Hanging with the no-goods, addicts, alcoholics, whores, thieves, people of the street – but commoners, bandits, rogues, real people, and the prince cavorts with them and with Falstaff. Harry explores an alternative edge for his own life, his own education, his own standing place. The father grieves. We have children, relate to these sentiments, hope and pray, give our lives to the next generation, to the world. When having children, you sacrifice parts of your life, work for them, and age as they rise. They grow as tall and then taller than you, they eclipse you and live their own lives, and parts of you die as they gain life. We age whether we want to or not, rise past our best physical talents, and yet still must climb the mountain.
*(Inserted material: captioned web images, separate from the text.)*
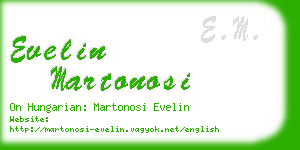 evelin martonosi business card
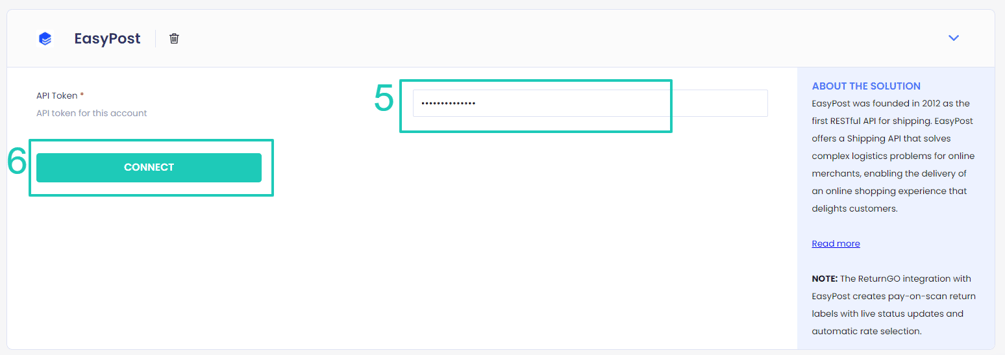 Easy Post Link Integration With Easypost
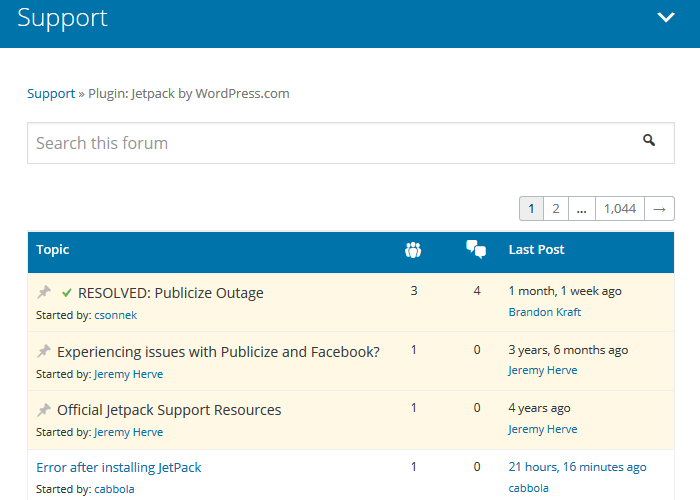 Free WordPress Plugins - Jetpack Support Forum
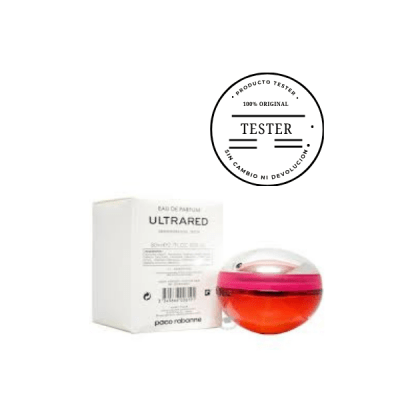 PACO RABANNE ULTRARED WOMAN 80 ML EDP TESTER1
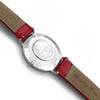 Moderno Vegan Leather Watch Silver, White & Red Watch Hurtig Lane Vegan Watches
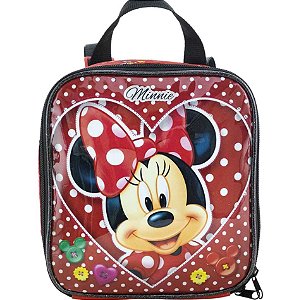 Lancheira Minnie Mouse - Love - 8914 - Artigo Escolar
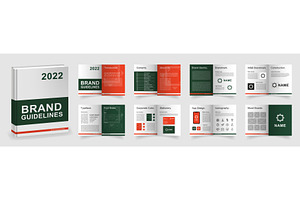 Dark Green Brand Guidelines Template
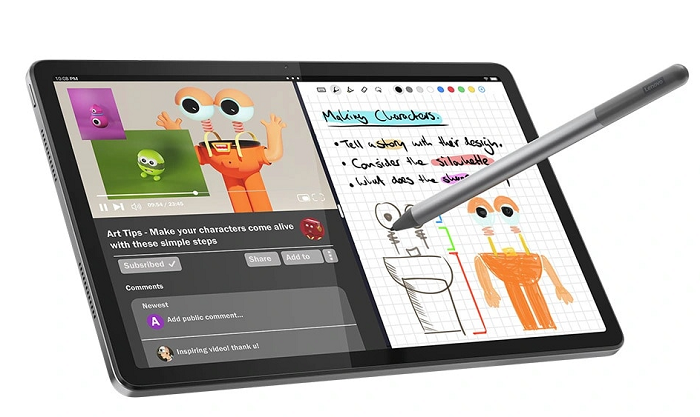 Lenovo Tab K11 11-inch WUXGA Touchscreen Tablet - MediaTek Helio G88 Processor, 4GB RAM, 64GB eMMC, Android OS | Perfect for Streaming, Gaming & Productivity (On Sale)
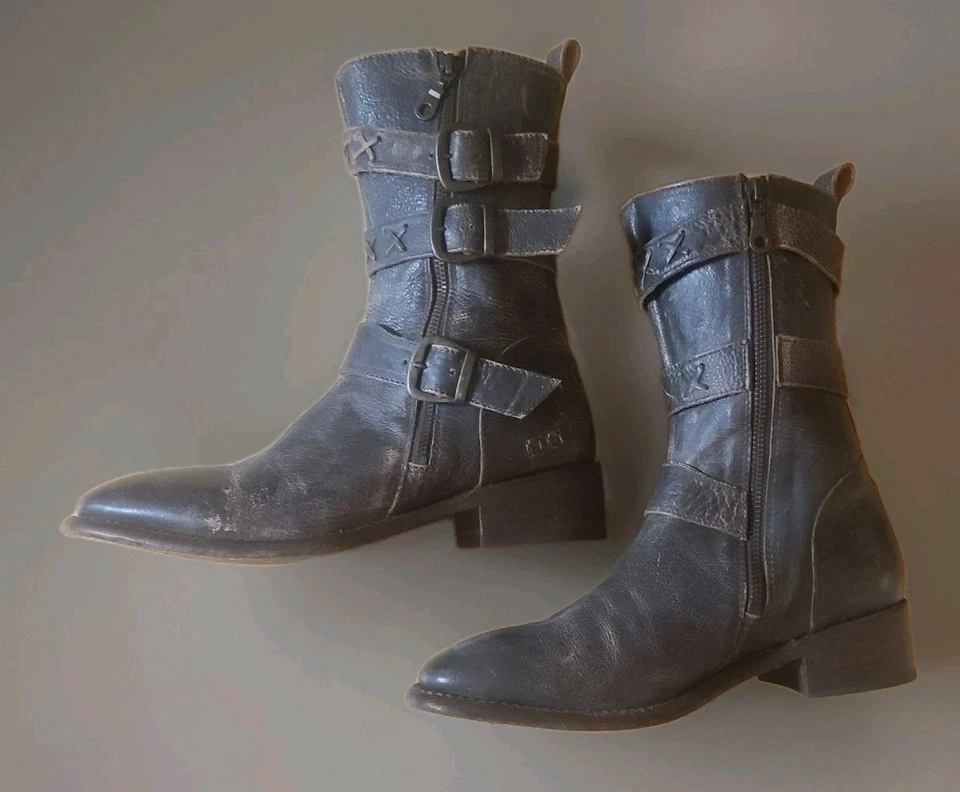 Botas informales Bed Stu Blanchett para mujer talla 9,5 marrón con cremallera cuero envejecido Foto 2 de 4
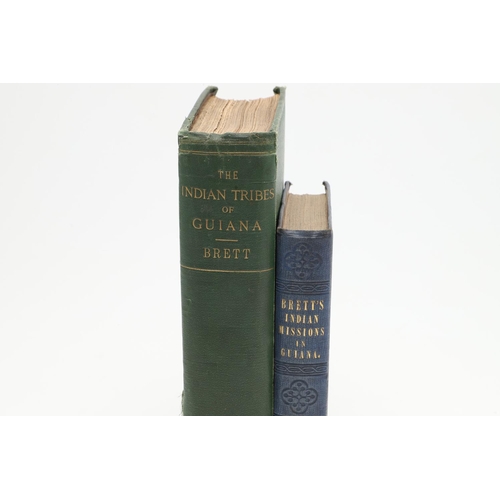 158 - W. H. BRETT. The Indian Tribes of Guiana, 1868 and one other (2). W. H. Brett. The Indian Tribes of ... 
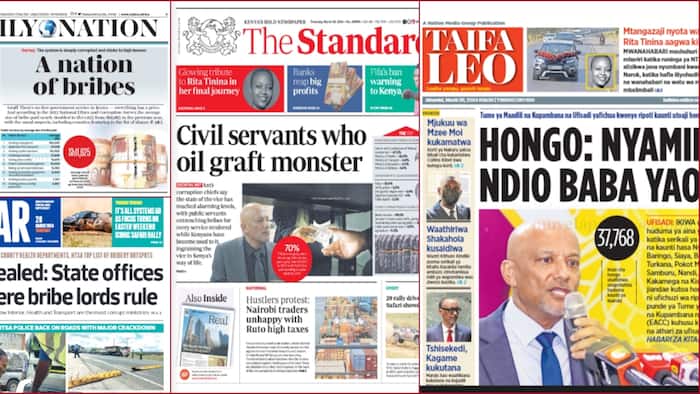 Kenyan Newspapers Review, March 28: Trouble for Eldoret Woman Who Killed Son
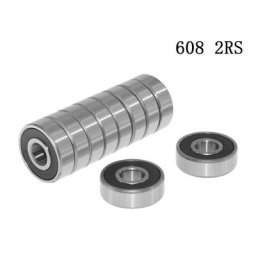 Roulement à billes 608zz 608 2RS 8x22x7 4 pièces/lot poulie à bride scellée en acier à rainure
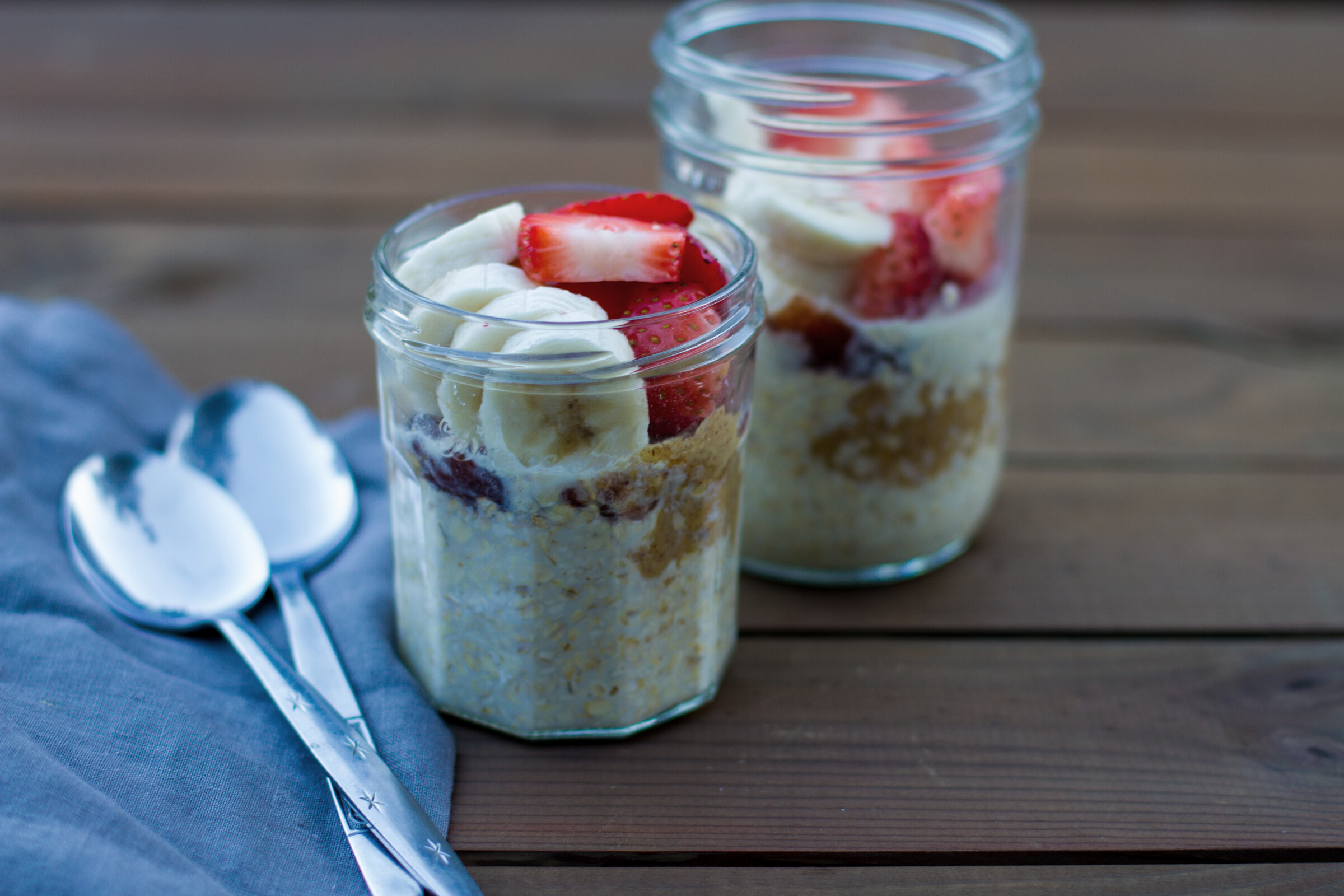 Peanut Butter and Jelly Overnight Oats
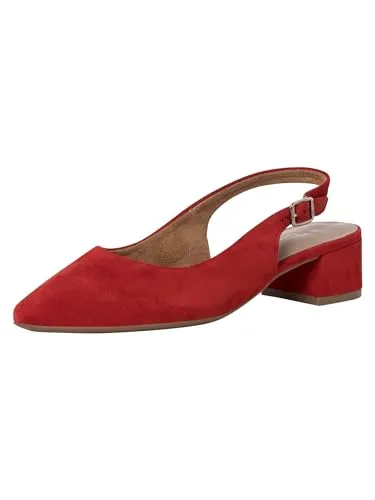 Tamaris Slingpumps 1-29500-42 500 normal - Elegante Slingpumps mit 4 cm Blockabsatz, hochwertigem Leder und TOUCH-IT-Technologie für optimalen Tragekomfort – ideal für stilvolle Alltagslooks.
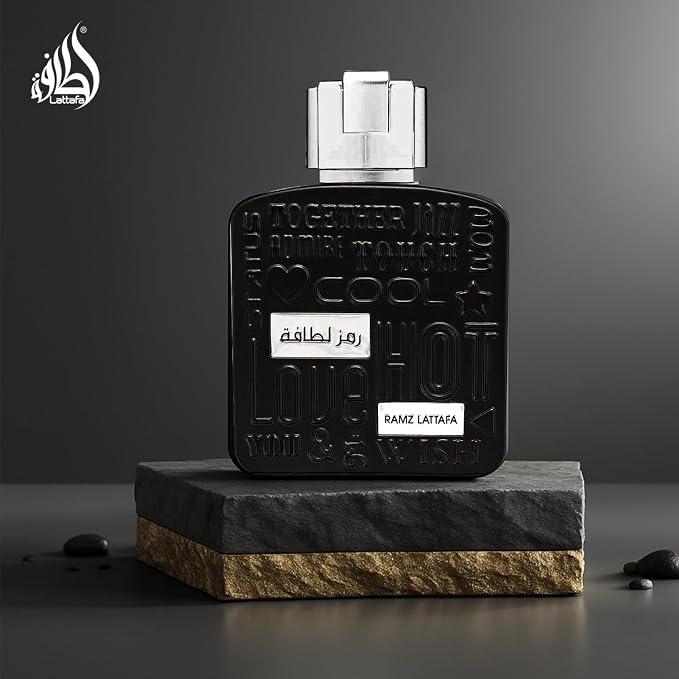 Ramz Silver by Lattafa for Men - Eau de Parfum - 100ml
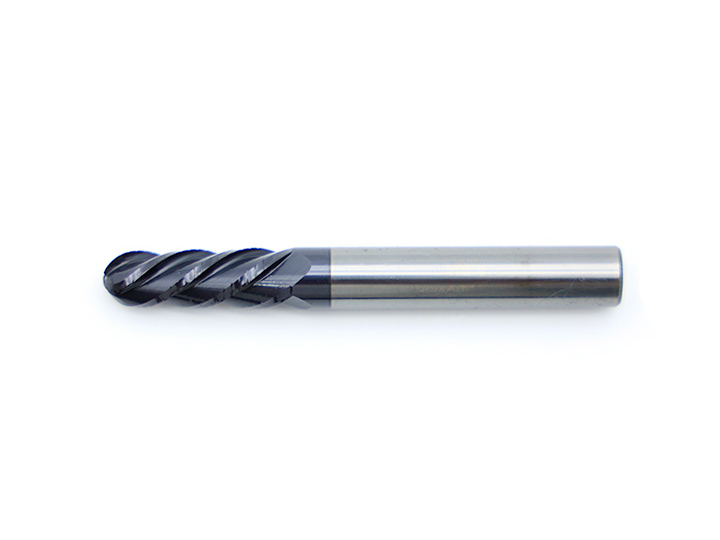 Four-Flute Integral Carbide Interrupted Chip Ball Cutter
Give to our children, and hope they do right, achieve their solid happiness, their own arrival. And because of our hopes, we fear what the king fears here, and we know Harry’s troubles. But he, the son, must adventure his life, make self-chosen decisions. Yet cannot escape his context and will not. And he becomes his own version of the man, his own style of king, and experiences his heroic journey according to the first and last breath.
The quest according to our first and last breath. There is a circle, inhale to exhale. How these knots are tied. How we know the life pulse, our beating hearts. How we know our own mortality: we see it in one another’s eyes.
“Uneasy lies a head that wears a crown.”
Back in the bawdy house –
“You whoreson little valiant villain, you!”